The day-ahead PV production forecasting models and statistical data analytics were performed using the R Statistical Language [53], which is a free open-source environment for statistical computing and graphics development. The R tool also provides a variety of basic built-in libraries that were used and adjusted in order to develop customized software scripts for supervised learning approaches and performance benchmarking. Finally, the NWP data were derived using the WRF 3.6.1 model [18].

2.2. PV Power Output Predictive Models

The analysis in this paper is a continuation of a prior research on the construction of PV power output machine learning predictive models with optimal input features [43], by evaluating the day-ahead forecasting performance of models based on BNN, SVR, and RT techniques under different training algorithms (training with measured or computed input variables, training sequentially or randomly with values of different timeframes, and training with filtered irradiance data).
The 2-year evaluation dataset was separated into the train and test sets using different data split approaches. More specifically, 10 different train sets were extracted from the original time series by partitioning the 1st year evaluation dataset sequentially or randomly into portions of 10%, 30%, 50%, and 70%. Additionally, in order to assess whether an entire year is required for accurate forecasting a train set comprising of the data of the entire 1st year was also used. Previous work by [54] showed that machine learning models with input feature combinations of measured or forecasted irradiance, temperature, and the Sun’s position angles outperformed any other input parameter selection. For the purpose of this work and to demonstrate whether accurate forecasts can be obtained using only computed input values or not, each train set included the input features of the on-site measured G I and T amb , calculated φ s and α , forecasted G H I _ F and T amb _ F , and the output variable of P mp . The constructed train and test set partitions and included features are summarized in Table 2. In all cases, the entire 2nd year of the evaluation dataset was used as the test set in order to provide a common benchmarking dataset that accounted for all seasonality that may exhibited throughout the year.
To further evaluate the effect of training the machine learning forecasting models at low and high irradiance conditions, an irradiance filter was applied to the 1st year evaluation period train set. The applied filters included a low-pass filter that filtered out high irradiance conditions of irradiance levels >600 W/m2 (i.e., kept low and moderate irradiance conditions) and a high-pass filter that filtered out data at irradiance levels ≤600 W/m2 (i.e., kept high irradiance conditions). Subsequently, both the low- and high-irradiance datasets were used to train the different machine learning models (BNN, SVR, and RT).
Finally, for each constructed day-ahead PV forecasting model, additional hyper-parameter optimization steps were performed to ensure that for each technique the optimal models were selected. Specifically, the number of hidden units and epochs for the BNN were varied by performing an automated grid search for the cost of constraints and the scaling parameter ( γ ) in the case of SVR and optimizing the complexity parameter (CP) of the RT model (more details in Section 2.2.1, Section 2.2.2 and Section 2.2.3).

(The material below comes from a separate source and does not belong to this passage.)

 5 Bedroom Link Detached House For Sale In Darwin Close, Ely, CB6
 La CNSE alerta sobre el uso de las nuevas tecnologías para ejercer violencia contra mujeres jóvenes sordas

2.2.1. Bayesian Neural Networks

Even though deep learning approaches such as deep neural networks (DNNs) proved to be robust to natural variations and flexible in being applied to different applications and data types, these models are prone to overfitting and tend to be overconfident about their predictions. This adversely affects the generalization capabilities of the constructed models. Consequently, an approach to improve the generalization capabilities of the constructed models is to use stochastic neural networks that are able to estimate the prediction uncertainty. In this domain, the Bayesian paradigm provides the framework to analyze and train neural networks stochastically and to quantify the uncertainty associated with the predictions [55]. It also gives a mathematical framework to understand many regularization techniques and learning strategies that are already used in classic deep learning [56].
In general, the training of ANNs is performed by minimizing a cost function with the error term referring to the discrepancy between the predicted and actual output. The error is commonly measured using the mean square error (MSE) and error minimization is achieved with the back-propagation (BP) algorithm. The BP algorithm calculates the error contribution of each neuron after a batch of data by distributing the error back from the output through the network layers. In addition, the cost function is often associated with a regularization term to penalize parametrizations and control the complexity of the network.
Conversely, a BNN is a type of ANN that is constructed by introducing stochastic components into the network architecture (activation and weights) to simulate multiple possible models with an associated probability distribution. To this end, BNNs are considered to be a special case of ensemble learning, where instead of training one single model, a set of models is trained, and their predictions are aggregated [57]. The Bayesian paradigm is based on the principle that probability is a measure of belief in the occurrence of events and that prior beliefs influence posterior beliefs. Once the data were fitted, the density function for the weights was updated according to Bayes’ rule [22,58]:
P ( w | D , α , β , Μ ) = P ( D | w , β , Μ ) P ( w | α , Μ ) P ( D | a , β , Μ )
where D represents the dataset, M is the model used for the BNN, and w is the vector of the weights. The value of the weights prior to the dataset input is represented as P ( w | α , Μ ) , while P ( D | w , β , Μ ) is the probability of the data occurring based on the weights. Lastly, P ( D | a , β , Μ ) is a normalization factor that ensures that the total summation of the probability is one.
In this study, Bayesian inference was applied to the training algorithm of a deep learning neural network. The marginal probability distribution of the predicted output was computed based on the Bayesian posterior.
Finally, optimal prediction performance was achieved by evaluating different input feature combinations and hidden layer topologies (number of hidden units) while training the network models. The training process was reiterated until the optimal network parameters were identified and accurate testing results were obtained (overtraining that results in overfitting was avoided).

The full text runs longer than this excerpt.